Introduction: This paper aims to study the value of MRI and Thallium 201 ((201)Tl) single-photon emission computed tomography (SPECT) in the prediction of overall survival (OS) in glioma patients treated with temozolomide (TMZ) and to evaluate timing of radiological follow-up.
Methods: We included patients treated with TMZ chemoradiotherapy for newly diagnosed glioblastoma multiforme (GBM) and with TMZ for recurrent glioma. MRIs and (201)Tl SPECTs were obtained at regular intervals. The value of both imaging modalities in predicting OS was examined using Cox regression analyses.

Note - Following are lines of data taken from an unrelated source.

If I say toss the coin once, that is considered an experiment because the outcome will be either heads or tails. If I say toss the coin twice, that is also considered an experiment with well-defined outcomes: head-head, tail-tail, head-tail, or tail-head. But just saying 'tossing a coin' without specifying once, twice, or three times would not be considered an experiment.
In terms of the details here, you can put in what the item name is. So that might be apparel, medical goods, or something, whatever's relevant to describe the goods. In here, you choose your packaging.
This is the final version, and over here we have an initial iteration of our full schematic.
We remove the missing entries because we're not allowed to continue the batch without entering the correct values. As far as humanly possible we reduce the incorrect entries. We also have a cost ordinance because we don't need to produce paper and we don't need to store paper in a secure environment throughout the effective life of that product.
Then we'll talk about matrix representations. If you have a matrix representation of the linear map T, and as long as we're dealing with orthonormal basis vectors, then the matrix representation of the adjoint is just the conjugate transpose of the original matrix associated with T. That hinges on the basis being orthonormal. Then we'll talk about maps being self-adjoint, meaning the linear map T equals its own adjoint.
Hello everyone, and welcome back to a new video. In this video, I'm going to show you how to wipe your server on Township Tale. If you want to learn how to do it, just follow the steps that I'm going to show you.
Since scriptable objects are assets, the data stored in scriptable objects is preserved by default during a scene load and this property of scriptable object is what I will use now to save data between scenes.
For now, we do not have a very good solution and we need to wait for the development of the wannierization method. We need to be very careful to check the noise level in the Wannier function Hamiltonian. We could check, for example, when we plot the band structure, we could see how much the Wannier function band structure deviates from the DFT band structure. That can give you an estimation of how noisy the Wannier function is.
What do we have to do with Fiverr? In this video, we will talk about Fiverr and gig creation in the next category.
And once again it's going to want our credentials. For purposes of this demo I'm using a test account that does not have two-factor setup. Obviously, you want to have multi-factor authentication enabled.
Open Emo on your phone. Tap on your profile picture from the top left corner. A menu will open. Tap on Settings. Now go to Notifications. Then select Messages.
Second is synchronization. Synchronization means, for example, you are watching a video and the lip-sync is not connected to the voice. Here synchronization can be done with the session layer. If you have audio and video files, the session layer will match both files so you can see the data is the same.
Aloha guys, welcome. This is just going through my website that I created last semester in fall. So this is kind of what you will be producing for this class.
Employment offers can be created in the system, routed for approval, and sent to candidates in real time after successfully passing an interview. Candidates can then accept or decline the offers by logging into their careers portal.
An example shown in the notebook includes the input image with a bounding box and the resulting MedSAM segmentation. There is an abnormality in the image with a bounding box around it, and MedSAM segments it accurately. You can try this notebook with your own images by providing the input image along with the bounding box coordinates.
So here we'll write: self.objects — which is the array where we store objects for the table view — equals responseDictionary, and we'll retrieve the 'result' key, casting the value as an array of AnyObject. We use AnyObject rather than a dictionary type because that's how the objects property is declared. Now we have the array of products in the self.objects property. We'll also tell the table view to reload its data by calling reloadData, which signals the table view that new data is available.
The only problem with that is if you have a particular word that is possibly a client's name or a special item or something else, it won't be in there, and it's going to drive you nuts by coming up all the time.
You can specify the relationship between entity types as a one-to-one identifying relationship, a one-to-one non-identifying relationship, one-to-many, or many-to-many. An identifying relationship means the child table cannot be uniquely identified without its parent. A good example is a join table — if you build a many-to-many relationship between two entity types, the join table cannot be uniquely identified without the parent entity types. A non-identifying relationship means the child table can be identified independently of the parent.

Results: Altogether, 138 MRIs and 113 (201)Tl SPECTs in 46 patients were performed. Both imaging modalities were strongly related to OS (P ≤ 0.02). In newly diagnosed GBM patients, the last follow-up MRI (i.e., after six adjuvant TMZ courses) and SPECT (i.e., after three adjuvant TMZ courses) were the strongest predictors of OS (P = 0.01). In recurrent glioma patients, baseline measurements appeared to be the most predictive of OS (P < 0.01). The addition of one imaging modality to the other did not contribute to the prediction of OS.
Conclusions: Both MRI and (201)Tl SPECT are valuable in the prediction of OS. It is adequate to restrict to one of both modalities in the radiological follow-up during treatment. In the primary GBM setting, MRI after six adjuvant TMZ courses contributes significantly to the prediction of survival. In the recurrent glioma setting, baseline MRI appears to be a powerful predictor of survival, whereas follow-up MRIs during TMZ seem to be of little additional value.